In the graph, you can see these different steps for a benchmark where we create an rb-tree with five million entries. Step 1 is the unmodified std::map. Adding PMR (Step 2) and offset pointers (Step 3) to it while still keeping it on DRAM makes the index creation 13% more expensive. Step 4 shows the map being allocated on NVM in a pseudo-volatile configuration (which is outside the scope of this blog post). If we do not care about persistency, creating an NVM-based index is 65% more expensive than the same data structure on DRAM and 85% more expensive than an unmodified std::map.

Next, Step 5 is the first to use the PMDK allocator. This increases the cost by 2.5x and likely shows some potential for future allocators. Another cost is imposed on the data structure by having to track the allocations (Step 6), adding another 56%. Finally, calling persist() on the allocator adds the surprisingly little cost of just 2%.
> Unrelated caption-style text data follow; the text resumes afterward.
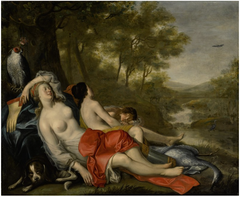 Diana and her Nymphs sleeping after the Hunt by Simon Peter Tilemann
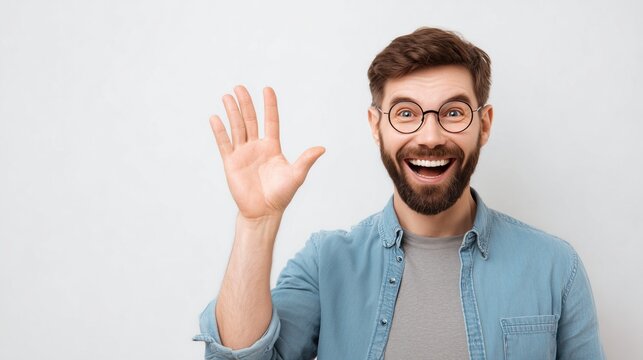 Happy bearded man with glasses waving hand, smiling broadly with an open mouth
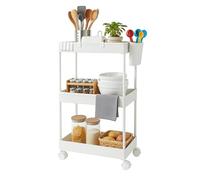 Chariot Relaxdays, 3 Niveaux, Chariot de Service, Chariot de Cuisine, H x L x P : 62,5 x 40 x 22 cm, Blanc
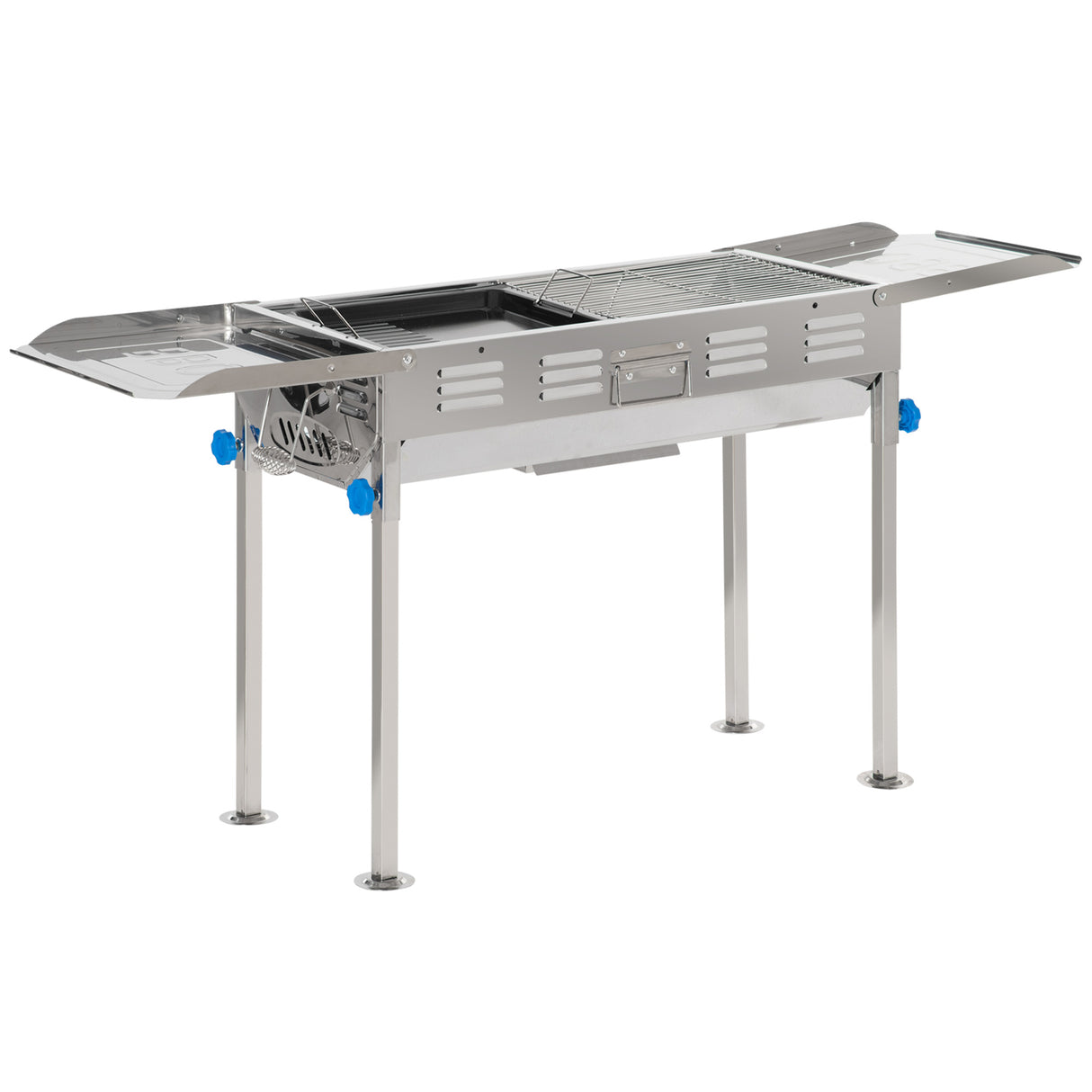 easycomfort easycomfort barbecue a carbone in acciaio altezza regolabile e mensole laterali griglie e piastra 120x31x60 70cm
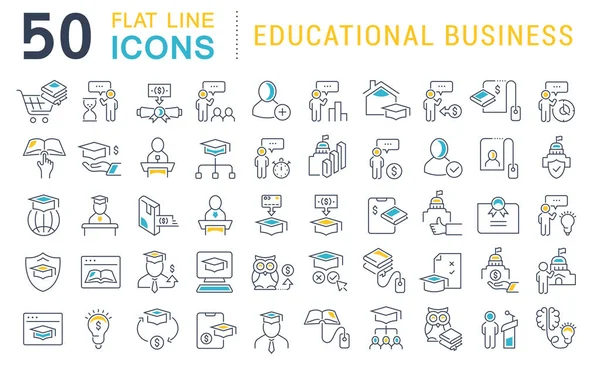 Définir les icônes de la ligne vectorielle des entreprises éducatives — Image vectorielle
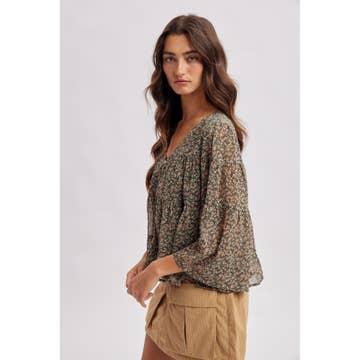 Fall Floral Blouse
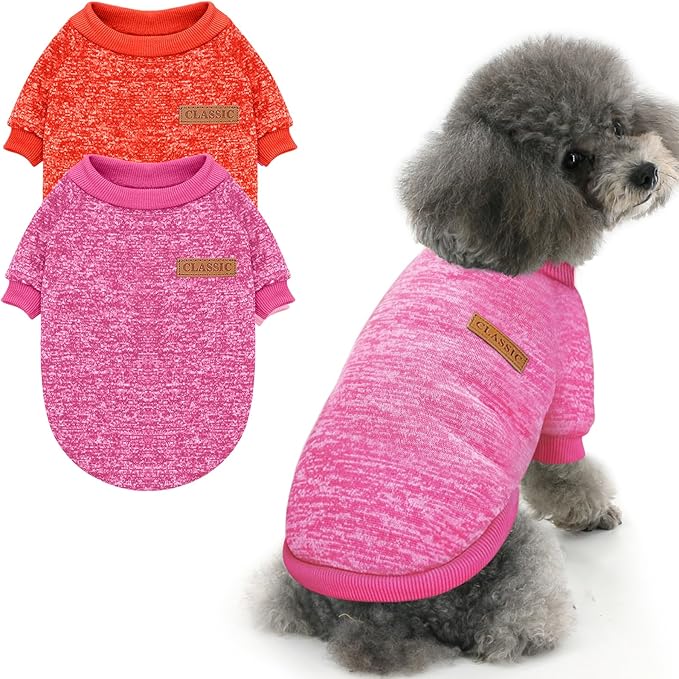 2 Pieces Pet Dog Classic Knitwear Sweater, Fleece Coat for Small,Medium Dogs,Warm Pet Dog Cat Clothes,Soft Puppy Customes for Chihuahua Yorkshire Tzu (Rose Red Orange,M)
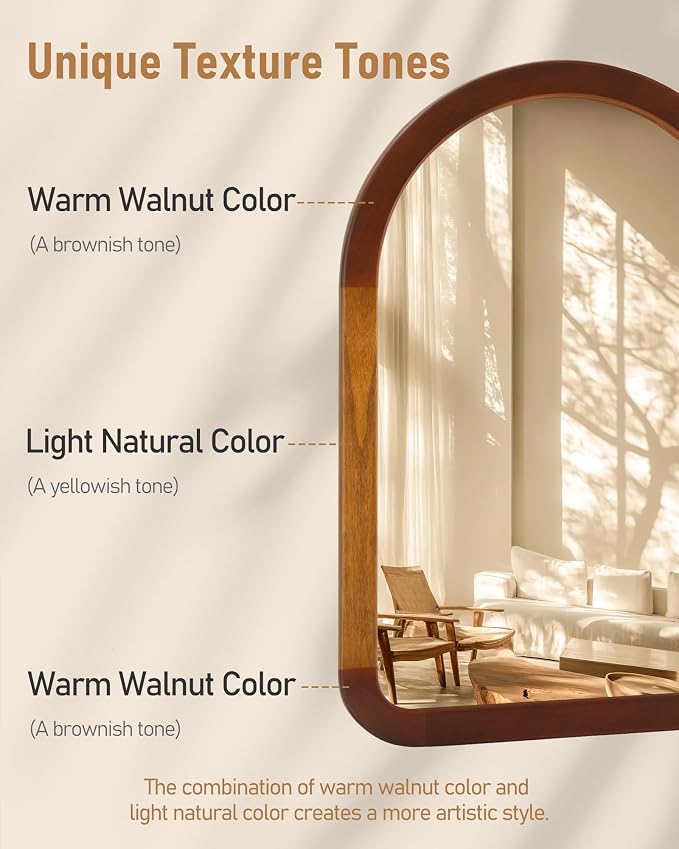 Arch Large Mirror 30 x 40 Inch,Brown Wood Rustic Bathroom Tempered Wall Mirror with Wood Frame,Round Corner Arch Farmhouse Wooden Vanity Mirror for Living Room,Entryway or Bedroom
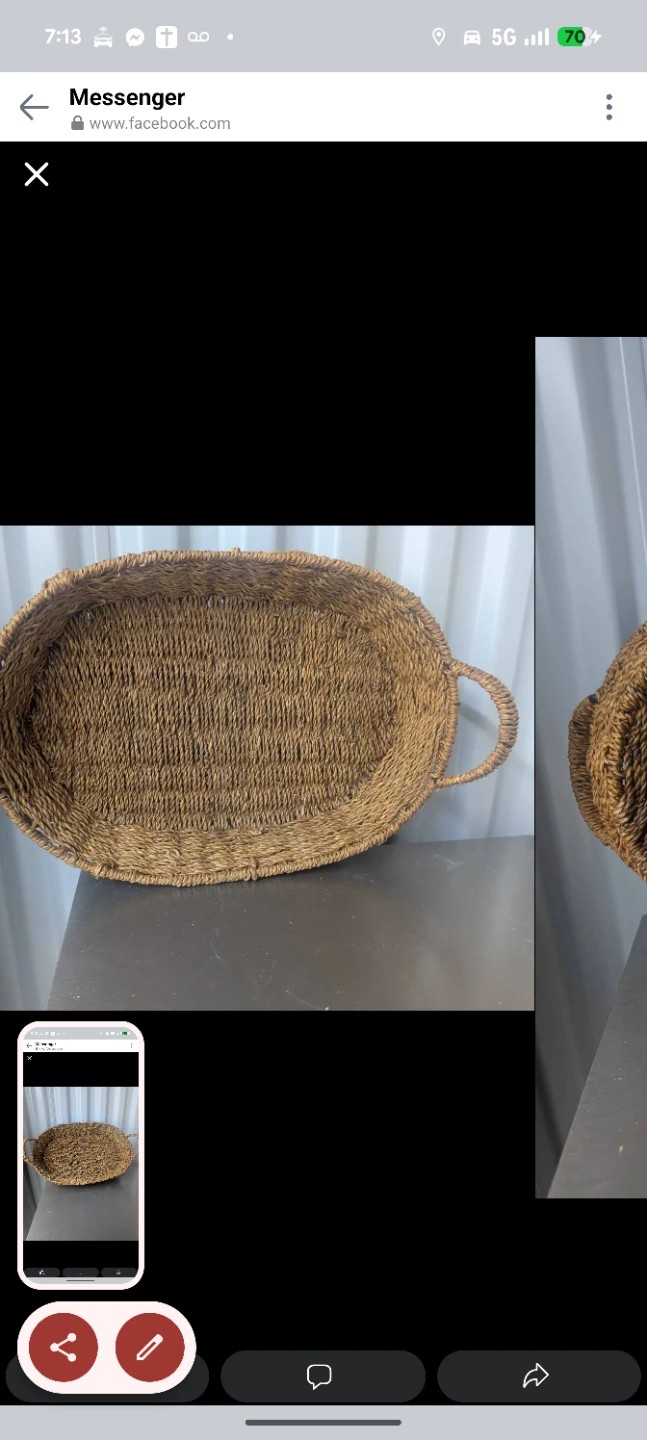 Oval Woven Basket with Handles - photo 2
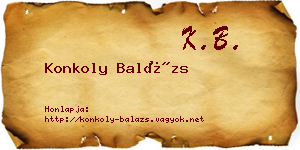Konkoly Balázs névjegykártya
Is this all worth the effort? We never expected it to be faster than an unmodified std::map and writing data to NVM is bound to be slower than on DRAM. As such, the more interesting comparison is against a fully-fledged NVM data structure. For this, we use map_rbtree from PMDK, which takes 2,39x longer to build. It is only an exemplary implementation of an rb-tree on NVM and other trees are better suited for NVM. Still, it gives us an idea on how much we can save by understanding the lifetime of the data structure and only having to flush it once.

What still needs to happen

While this works for us when measuring the performance impact of storing different parts of the database on DRAM and NVM, some challenges remain:

NVM memory resources die together with the program. Recreating them requires additional meta structures, which hold the location of the pool file. For now, we circumvent this problem by using only a single, implicit pool file.
The consistency of the persistency operations has not been stress-tested. It works sufficiently for our evaluations, but we would not yet trust it with our most valuable data.

On the C++ side, two changes would improve this and similar implementations:

For now, this is limited to libc++. It would be great if libstdc++ added support for fancy pointers.
Currently, loading C++ objects from memory is undefined behavior. This is more of a theoretical problem, but should be solved nonetheless. A proposed solution to this is std::bless.